India, on the other hand, has not been kind to Lord Inchcape. For all his contributions, he won’t even merit a mention in the Indian history books of today. Those who are on the wrong side of history tend to end up as non-persons, victims of what E.P. Thompson, in a different context, called the “enormous condescension of posterity.”

The reason does not lie in political correctness alone. The fault lies with the priorities and preoccupations of professional historians. In the quest to make history “scientific”—a mission lauded in these columns earlier this week (“Clio is not for worship” by Rudrangshu Mukherjee, September 4)—the practitioners of the craft have chosen to forget that the past is ultimately a narration of human achievements and follies, a compendium of interesting stories about real men and women. To reduce the Walchand-Inchcape battle to a clinical dissection of imperialism, capitalism, et al, would be a criminal folly. Walchand was more than just another member of the national bourgeoisie and Lord Inchcape was more than another ‘nabob’ with an estate in Scotland.
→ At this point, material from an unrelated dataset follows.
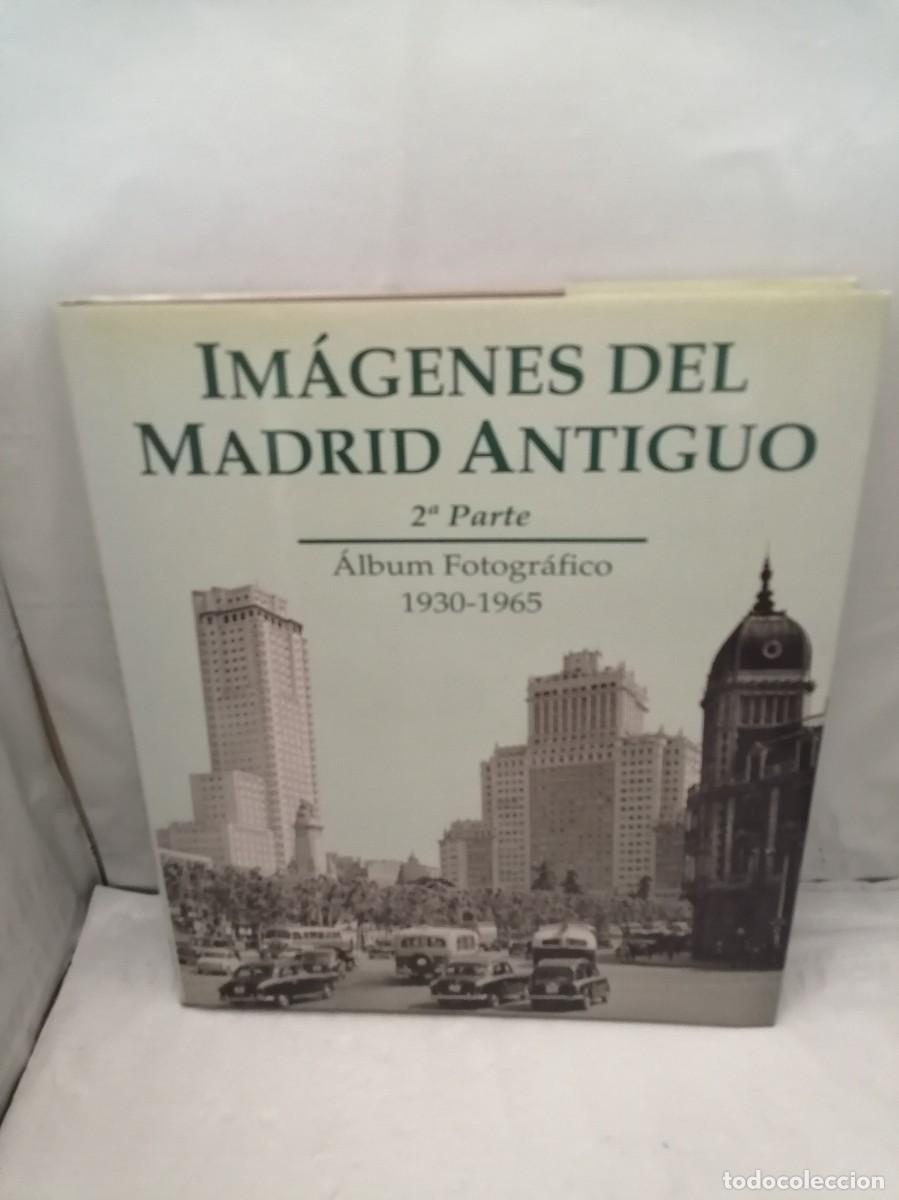 Gebrauchte B&uuml;cher: Im&aacute;genes del Madrid antiguo 2&ordf; parte. &Aacute;lbum fotogr&aacute;fico 1930-1965 (Primera edici&oacute;n, tapa dura)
E.H. Carr bears a heavy responsibility for the degeneration of a discipline that once epitomised the liberal arts and was considered the training ground for the enlightened exercise of power. His disavowal of the “Bad King John and Good Queen Bess” approach to history writing in the 1961 Trevelyan lectures had a crippling impact on historiography. The negation of individual-centred story-telling made the study of history an abstruse, specialised discipline. With post-modernists and the humourless disciples of Edward Said chipping in, history became a rarefied and, occasionally unintelligible, conversation between historians. Since communicating with non-specialists was no longer obligatory, historians began talking in code. It was the end of History as we knew it.

The battle over history teaching is not a simple tussle between nation-building and the celebrations of fragmented diversity. These constitute the toppings of a more fundamental divide. The fuss is essentially an expression of anger against historians who have lost sight of their primary obligation to tell a true story creatively. Today’s historians are less concerned with actual men and women than with the weight of impersonal forces.

No wonder Bollywood is stepping in to fill the void. Their films tell charming stories based on heroism and perfidy. They have no “scientific” pretensions—as if human responses to their surroundings are clinically pre-determined. Predictably, there are distortions born out of either ignorance or artistic licence. Yet, they must suffice because the alternatives—state-sponsored treatises on mercantilism and false consciousness—are more fearful.

The cheerful dumbing down of our past by Bollywood is a direct consequence of mindless pandering to the pseudo-intellectualism of academia. It is time to rescue Clio from the charlatans.